Chaque état définit ses politiques de la diversité, "les dispositifs d'accueil et d'intégration des immigrés relevant de la compétence des états". Les politiques d'immigration des états européens convergent aussi et sont traduites dans le droit européen.

En Europe on a 2 citoyennetés :" un individu ayant la nationalité de l'un des états de l'Union bénéficie également d'une citoyenneté européenne, avec liberté d'installation, de circulation, de résidence, de travail au sein de l'Union Européenne, droit de vote aux élections locales et aux élections européennes, droit de pétition, possibilité de saisir le médiateur européen..." 

Il y a dans l'Europe 2 catégories d'étrangers : les ressortissants de l'un des états de l'U.E. et les ressortissants d'une autre partie du monde. Et "la citoyenneté se trouve à la fois plus difficile à obtenir et plus facile à perdre".

"L'Union Européenne recommande aux états membres de se doter d'outils de mesure permettant de mieux connaitre les discriminations pour les combattre". Mais en France les statistiques ethniques sont absentes, comme en Italie, en Espagne ou en Allemagne, contrairement aux pays à modèle multiculturel comme les USA, le Royaume Uni, les Pays-Bas.

 

L'étude d'Eric Savarèse est donc incontournable, car frappée au coin de l'honnêteté intellectuelle, notamment historienne, pluraliste et internationale. L'étude s'articule autour de données d'archives, d'enquêtes fouillées, d'analyses historiques, de statistiques comparées. Les propos d'élus, d'experts, de journalistes, de chercheurs sont passés au crible, comparés. Compatibilité de l'Islam avec la République française, communautarisme, identité française sont pris en compte.

Un livre à lire absolument dans notre contexte français actuel pour éviter les amalgames, les contre-sens, les a-priori, les faux semblants, les à-peu-près, les poncifs, les tensions inutiles, les manipulations.

Eric Savarèse : "Aujourd'hui, les descendants des anciens immigrés maghrébins sont identifiés à la cité, dans une société toujours capitaliste mais postindustrielle. Avec la fermeture des usines, ils n'ont pas bénéficié, comme leurs devanciers, d'une intégration qui reposait sur le travail.
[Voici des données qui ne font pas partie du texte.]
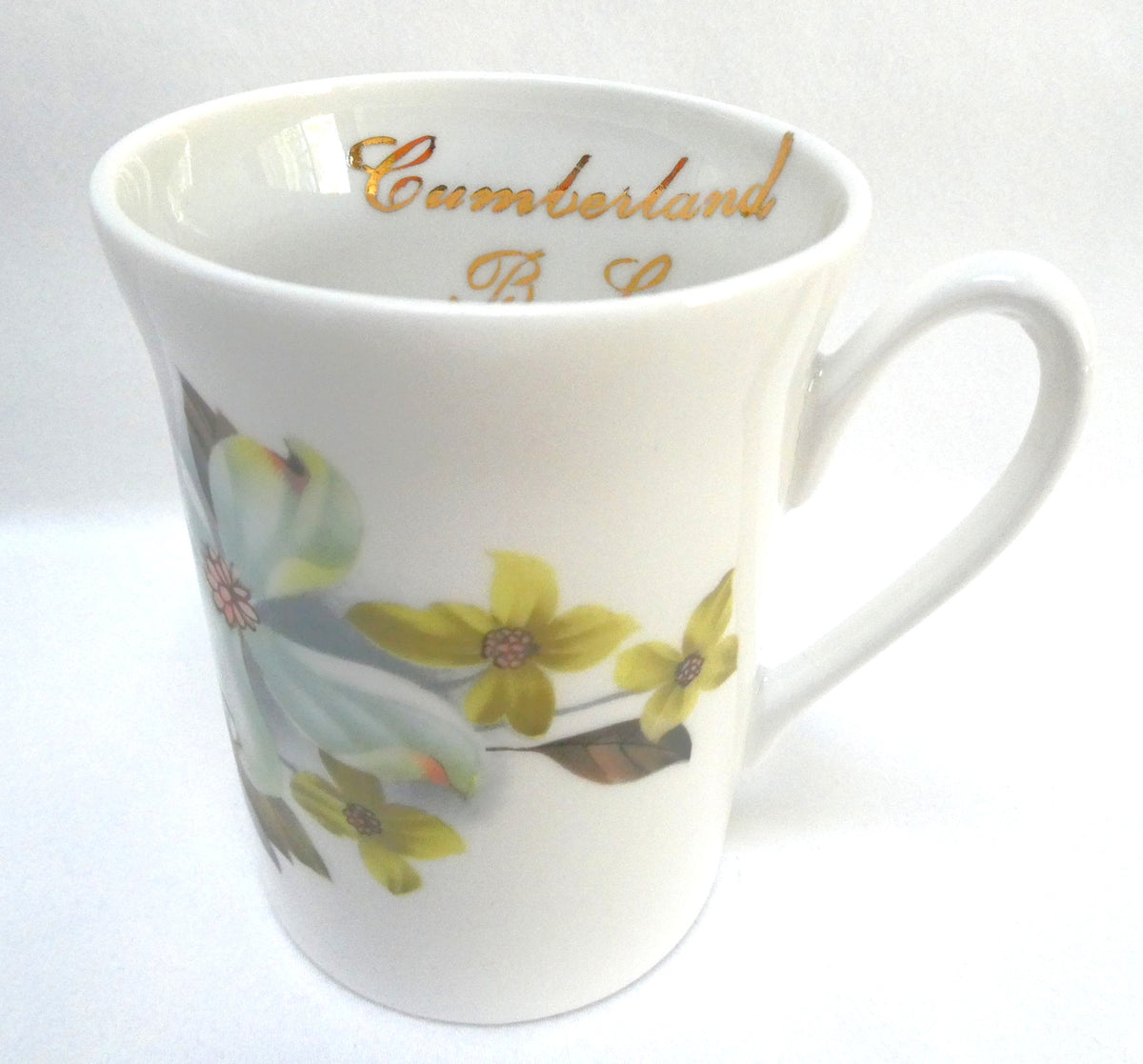 Vintage China Mug by Crown Prince of England: Featuring The Village of CUMBERLAND, B.C. with the B.C. Dogwood Pattern
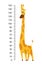 Giraffe meter wall or height chart vector illustration.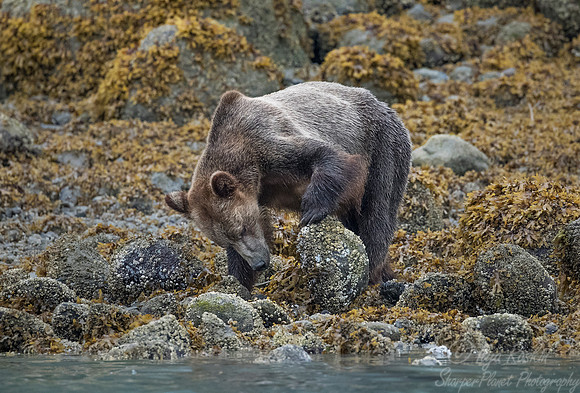 249 Brown Bear (Ursus arctos) - BC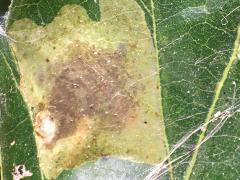 Solitary Oak Leafminer Moth upperside mine on Bur Oak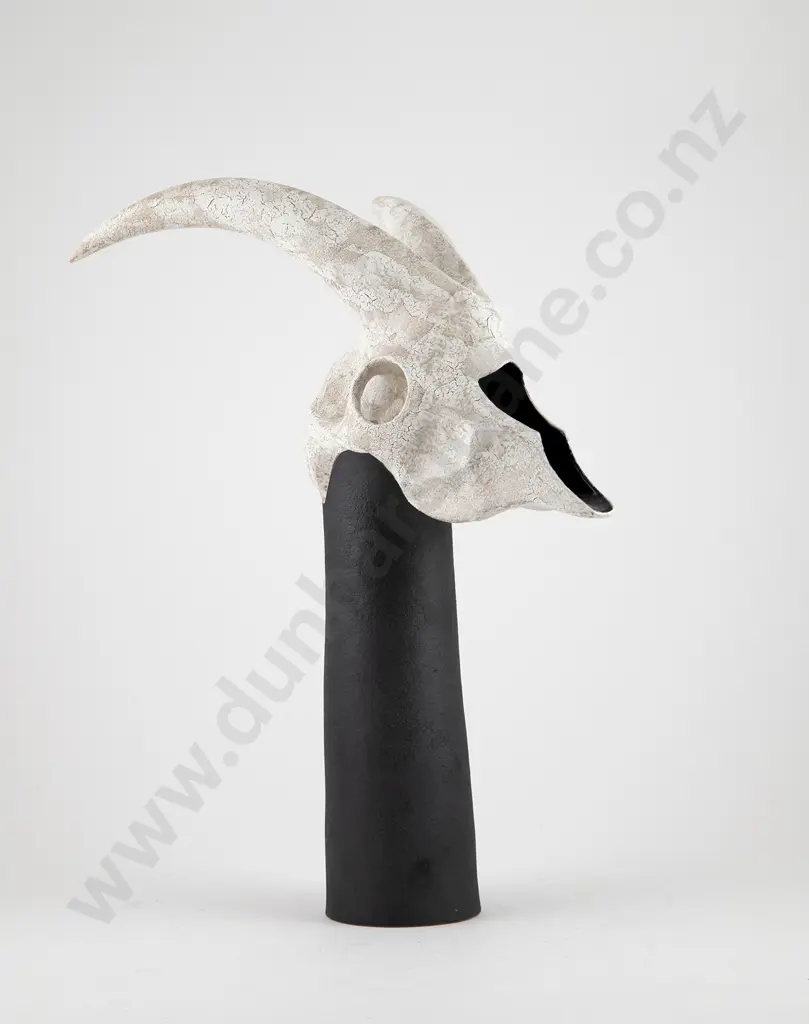 Rick Rudd Skull Jug Image 1++
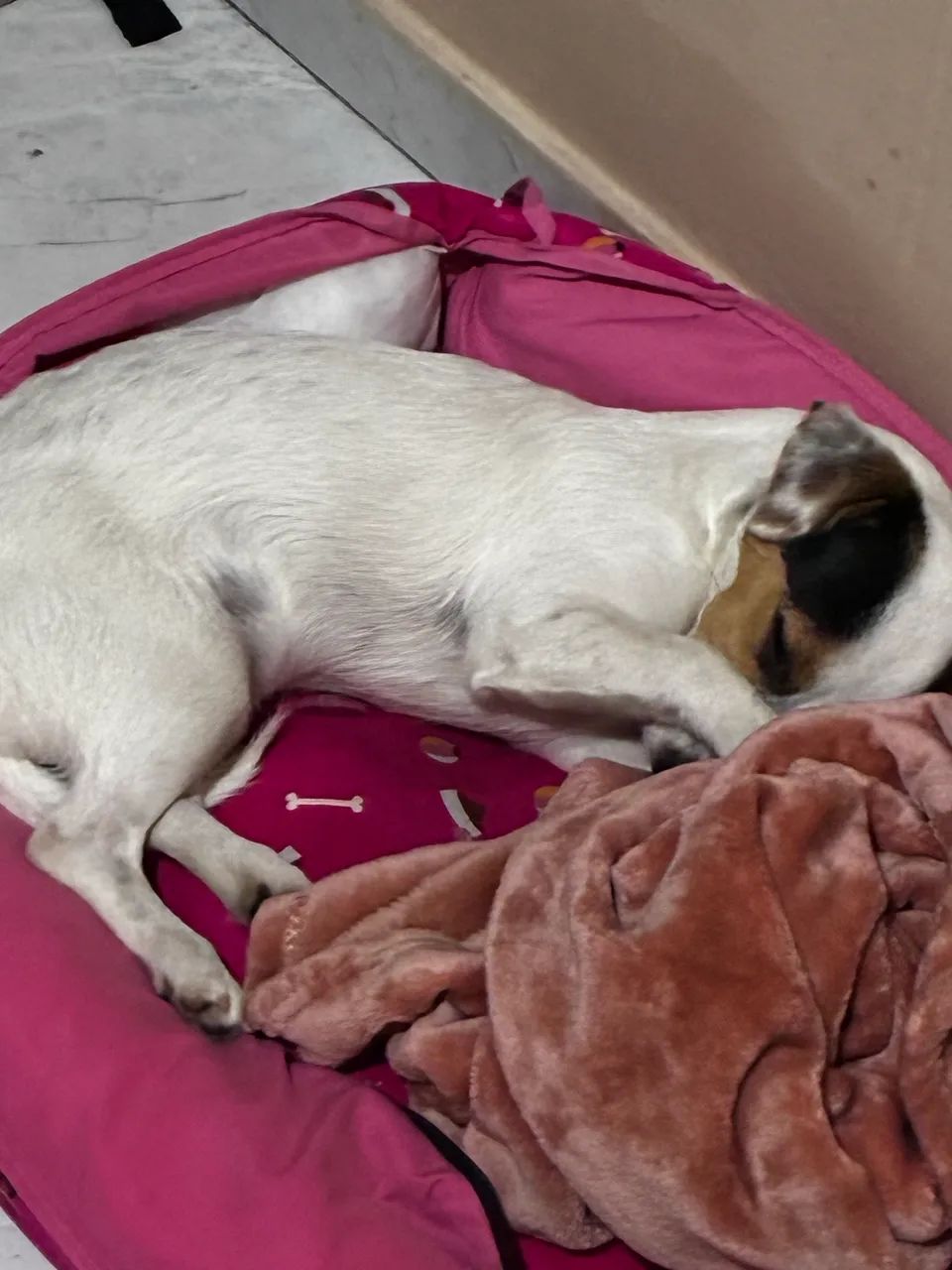 Vendo cão - Foto 3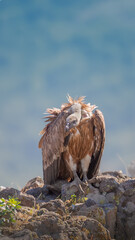 Majestic bird Griffon vulture
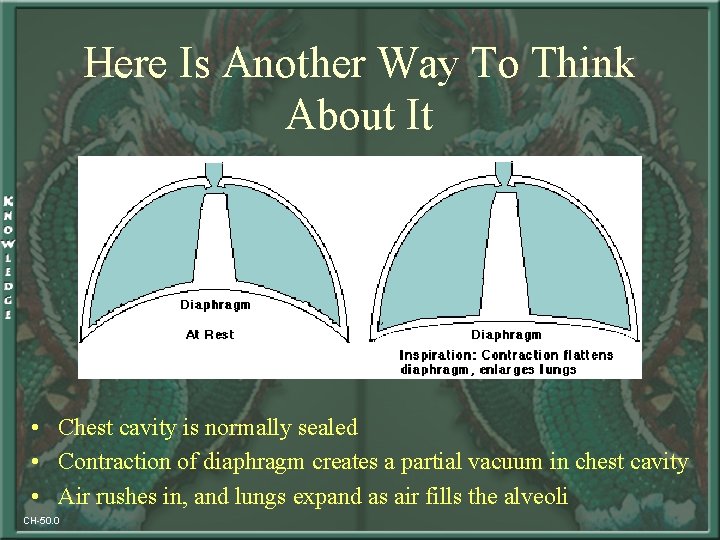 Here Is Another Way To Think About It • Chest cavity is normally sealed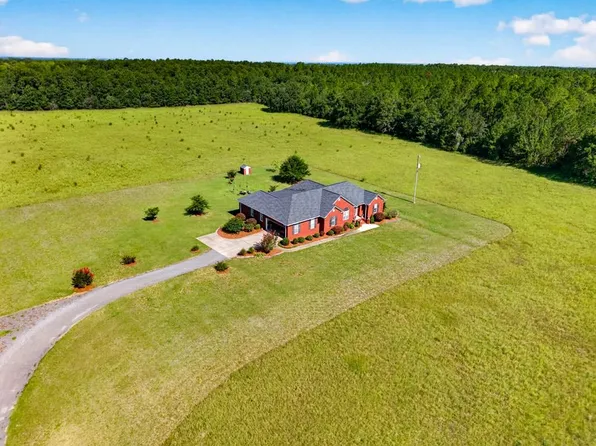 481 & 494 Sandpit Rd, Mauk, GA 31058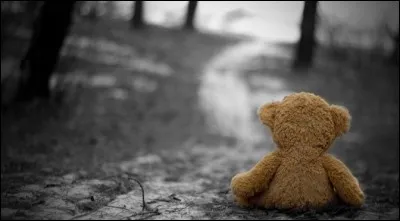 Qui a chanté 'La solitude ça s'apprend, c'est pour une femme qui vous ment, pour un ami qui vous vend' ?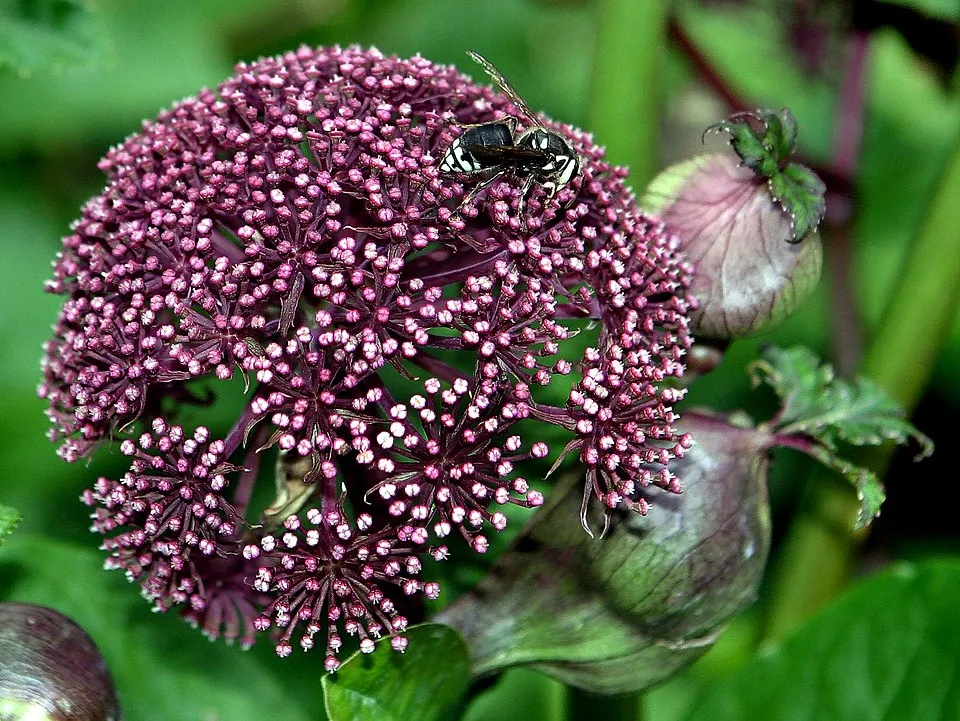Koreai angyalgyökér / Angelica gigas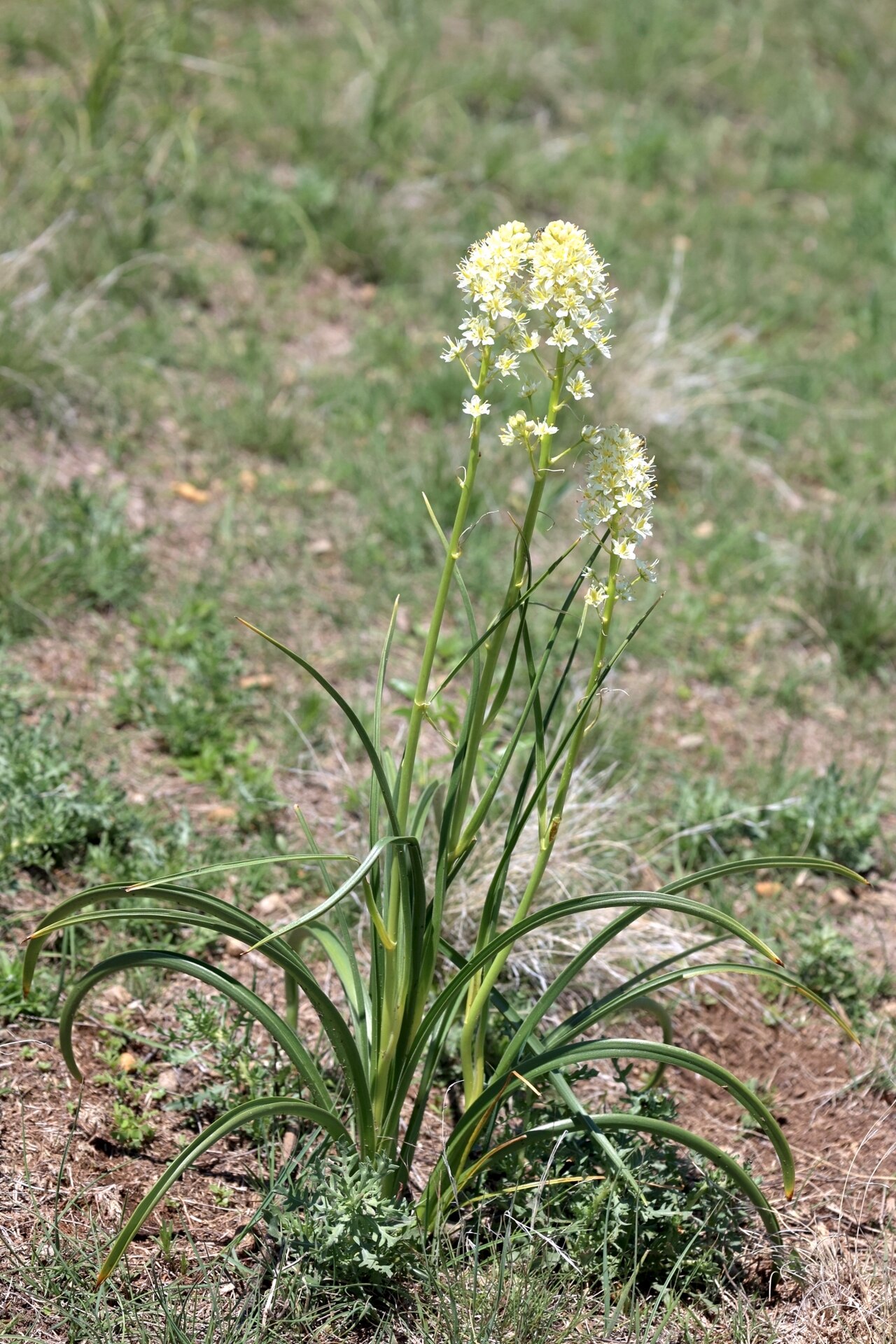 Meadow death camas: Toxicoscordion venenosum flowering Black Hills, South Dakota, USA Just outside Wind Cave National Park, near Hot Springs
En quelque sorte, ils sont les laissés-pour-compte d'une société où ils souffrent non plus d'être exploités, mais de ne pas travailler et accéder à la société de consommation... Ils souhaitent consommer, accéder au logement, acheter une voiture... L'accès à une vie sociale décente ( emploi, revenu disponible, logement, autonomie) reste l'enjeu majeur, quel que soit l'emballage idéologique, assimilation à la française, multiculturalisme aux Pays-Bas, en Grande Bretagne, aux USA"

" A l'image de tous les autres groupes d'individus,qu'il est possible de recenser dans la société française, les musulmans ne constituent pas un groupe homogène". "La bonne question est celle des pratiques sociales multiples et des nombreuses façons de concevoir la citoyenneté française chez les musulmans de France... Tout ou presque indique qu'il n'y a pas de communauté musulmane en France".